[Data extracted from a collection]
++++++++++
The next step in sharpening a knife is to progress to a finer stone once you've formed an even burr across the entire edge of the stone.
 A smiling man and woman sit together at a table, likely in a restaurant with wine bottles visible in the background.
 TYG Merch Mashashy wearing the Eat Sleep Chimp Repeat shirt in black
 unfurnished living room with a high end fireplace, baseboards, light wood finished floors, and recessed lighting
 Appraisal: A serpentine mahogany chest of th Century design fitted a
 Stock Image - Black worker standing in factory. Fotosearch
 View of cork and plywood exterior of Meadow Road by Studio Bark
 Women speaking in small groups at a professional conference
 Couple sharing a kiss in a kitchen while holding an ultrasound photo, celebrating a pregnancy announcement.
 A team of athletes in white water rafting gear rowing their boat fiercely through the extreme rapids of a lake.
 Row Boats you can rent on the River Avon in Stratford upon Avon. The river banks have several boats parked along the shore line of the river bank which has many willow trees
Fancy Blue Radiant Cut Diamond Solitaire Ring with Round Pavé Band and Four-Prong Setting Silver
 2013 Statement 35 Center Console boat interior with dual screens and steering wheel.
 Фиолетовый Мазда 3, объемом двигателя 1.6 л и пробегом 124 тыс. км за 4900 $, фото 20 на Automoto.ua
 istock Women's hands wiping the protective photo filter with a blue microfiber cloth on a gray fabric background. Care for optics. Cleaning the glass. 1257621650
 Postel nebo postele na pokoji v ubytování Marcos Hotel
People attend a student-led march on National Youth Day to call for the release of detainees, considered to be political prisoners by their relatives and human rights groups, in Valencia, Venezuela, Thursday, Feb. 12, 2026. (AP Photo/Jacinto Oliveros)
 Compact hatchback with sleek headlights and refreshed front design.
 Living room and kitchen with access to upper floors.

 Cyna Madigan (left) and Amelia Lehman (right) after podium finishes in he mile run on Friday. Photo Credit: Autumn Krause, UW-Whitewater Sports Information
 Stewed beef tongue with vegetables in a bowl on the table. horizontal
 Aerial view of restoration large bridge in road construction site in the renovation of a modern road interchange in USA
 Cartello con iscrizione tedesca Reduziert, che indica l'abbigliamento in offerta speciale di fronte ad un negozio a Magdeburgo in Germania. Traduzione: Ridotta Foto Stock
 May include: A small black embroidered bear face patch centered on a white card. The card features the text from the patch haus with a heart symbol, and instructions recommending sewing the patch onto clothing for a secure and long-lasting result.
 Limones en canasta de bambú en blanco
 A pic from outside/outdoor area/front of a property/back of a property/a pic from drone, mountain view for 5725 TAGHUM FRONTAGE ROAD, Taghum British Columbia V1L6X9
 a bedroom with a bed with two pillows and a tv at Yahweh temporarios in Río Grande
++++++++++
* [Task instructions]: Return every line holding the word "Women" from the records.

* [Output for this task]:
 Women speaking in small groups at a professional conference
 istock Women's hands wiping the protective photo filter with a blue microfiber cloth on a gray fabric background. Care for optics. Cleaning the glass. 1257621650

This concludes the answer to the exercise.